HELENA – Members of the Sexual Assault Kit Initiative (SAKI) Task Force met Tuesday at the Montana State Law Enforcement Academy to discuss the project and what the future holds for victims of sexual assault.
The subject of conversation was not a light one: speaking about the process of the invasive procedure and the science behind it all with a small team of serologists, who all work in collaboration when testing for DNA of the perpetrator after an assault.
Within the conversation about the science behind helping victims, one topic of choice was the discussion of Attorney General Tim Fox’s initiative regarding Senate Bill 52, victim rights and the development of the kit tracking system and its successes.
Senate Bill 52 will impact the collection and processing of evidence for kits in the state of Montana.
Currently, nine to 12 cases are analyzed weekly by serologists, who test for the Y chromosomes during the quantification of male DNA. Statistics show 431 cases have been confirmed by the kit’s accuracy and 812 cases are still pending results.
SAKI was given a federal grant of $2 million in 2016 to test and track unsubmitted evidence for kits from across the state.

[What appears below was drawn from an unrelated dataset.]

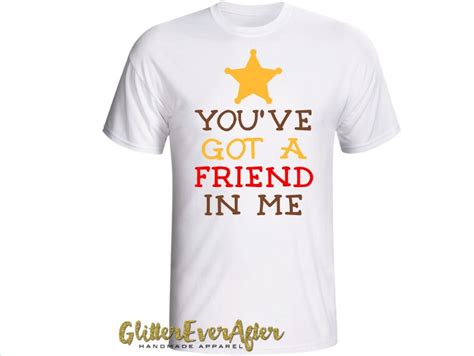 Youve Got A Friend In Me Shirt Many Styles By Glittereverafter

Chief Deputy Attorney General Jon Bennion spoke to MTN News about what steps will be taken for the future of those affected by sexual assault.
“That’s part of the whole, what we are doing right now, is — how do we make sure that when somebody has gone through that entire process, that law enforcement, prosecutors, that victim advocates, that we, do everything we can and leave no stone unturned, on those sex assault kits?”
“It could be evidence of a crime that was committed and used in the prosecution and bring an offender to justice, and bring some closure to survivors of sexual assault. That’s really the whole point of this project,” Bennion continued.
The SAKI Task Force was started in 2015 and meets regularly to update efforts to end the backlog of untested sexual assault evidence kits.
Another major topic was the passage of SB 52 which requires health care facilities to get written consent from patients before turning kits over to law enforcement.
Once consent is obtained, the facility has 24 hours to notify investigative agencies.
Any agency that takes possession of one of the evidence kits has 30 days to submit evidence and the following police report to an accredited crime lab for testing.
The Montana Department of Justice must also create a system providing victims with an anonymous way to track the evidence kits via criminal justice processes.
Montana started with more than 1,200 untested evidence kits from more than 40 jurisdictions.